Lampert: Another question that has come up from customers has to do with the added value of getting support directly from HP. It was partly addressed during the presentation we just gave. First of all, VMware does have a fine support organization. I have a couple of friends who work in VMware Support, and they do a good job of supporting their product.

HP, in addition to a similar level of expertise in the product, also offers our expertise in HP hardware, especially if you have systems based on HP Blades. The infrastructure behind that often is tied very closely to the performance and availability of your ESX host. So when you call us, you will have not only someone who is very familiar with the VMware product, but also is familiar with the HP hardware and able to pull in the proper resourced results, problems you might encounter with running vSphere on HP hardware especially.

In addition to that, we have a partnership agreement with VMware, and when you call in for support through HP, you're getting that same level of service when we have to go to VMware to get answers to questions or fixes.

One other question that has come up is about our lab ability to reproduce problems. We have two global labs, one in India and one in the United States. We have several static vSphere cluster configurations with a number of different types of servers already in those configurations, and the ability, when needed, to add specific models, if there is a problem that’s specific to a particular Blade or rack-mounted server model, or a particular card or something like that. So we're quite able to reproduce most problems that come in. We even have some Dell and IBM equipment in our lab also.

Gardner: What other issues are users grappling with?

Reddy: One question I can answer is how to troubleshoot server crashes. When something goes wrong in ESX, we call it the "Purple Screen of Death." Often, these are results of hardware failure, but we still need to rule out the software. So we collect all the logs, and look at it to see if it's a software issue. If it's not a software issue, then we engage the hardware team to see how we can get to the root cause and fix the issue.

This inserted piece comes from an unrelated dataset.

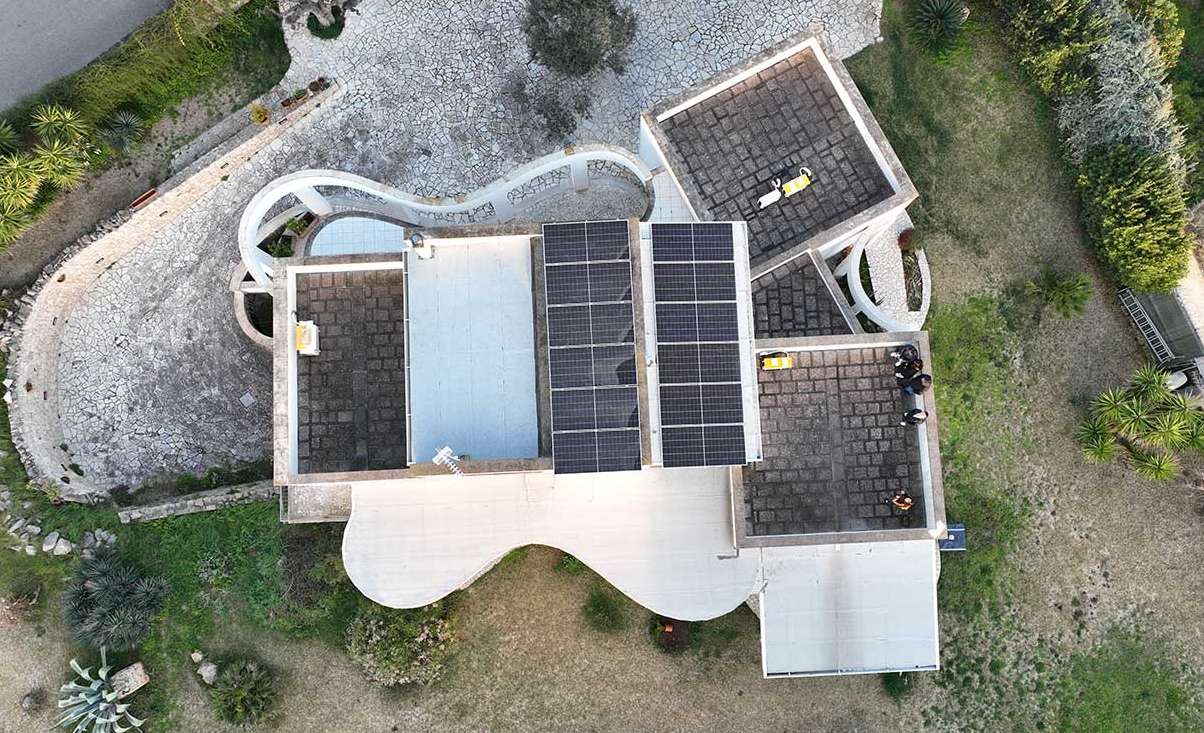 Aerial view of a modern villa with an architecturally artistic rooftop design and solar panels installed in two symmetrical rows, surrounded by stone pathways and landscaped greenery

Lampert: To dovetail with Sumithra’s comment there, one of the questions I get frequently is what to do if you don’t have a dump. Say the host hangs, and that seems to be almost more common than the Purple Screen of Death. Some customers are't aware that through HP’s Integrated Lights-Out Management, there is the ability to generate a non-maskable interrupt (NMI) just by pressing a button, and by saving a certain environment variable ahead of time in your ESX host.

KB article

There is a KB article on this, by the way, if you just search on NMI and core dumping in VMware. But with that setup, you can force a dump while a system is in a hung state, and that will assist us usually in troubleshooting and isolating what caused the hang, whether it be hardware or a problem with the ESX host software.

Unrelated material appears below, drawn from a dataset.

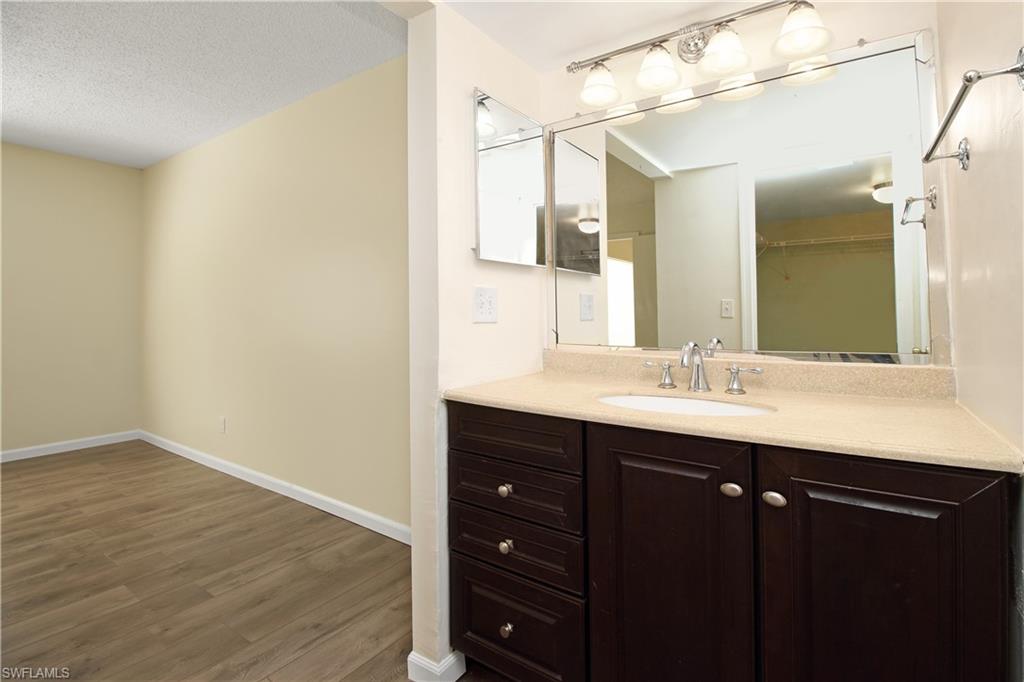 3471 County Barn Road, Unit F103 Naples, FL 34112 - Photo 15 of 27 a bathroom with a sink and a mirror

One question that came up ahead of time is what HP suggests as far as getting a handle on our inventory of VMs? I happened to be involved in field testing some new tools from HP that will be available in January and February regarding vSphere.

One of them is a Holistic Blade and Firmware Analysis that takes into account the VMware environment on our Blade systems which we are working on having ready soon. We have just completed field tests.

And the second is a really nifty Inventory Report HP has just put together. We're just completing field tests on that now. It will be available soon. Basically, we install a small Perl script in the customer environment on any machine that has access to the vCenter host and has a vSphere CLI installed.

This Perl Script crawls through the VMware environment and builds an XML file, which we then feed into a report generator here at HP. This can be used for us to gather information on customers, so we have ahead of time a clear picture of the environment. But also it will be sold as a service to customers.

The report is really quite nice, with all sorts of charts and showing availability of machines and availability of memory and also disk space. It's a very nice report.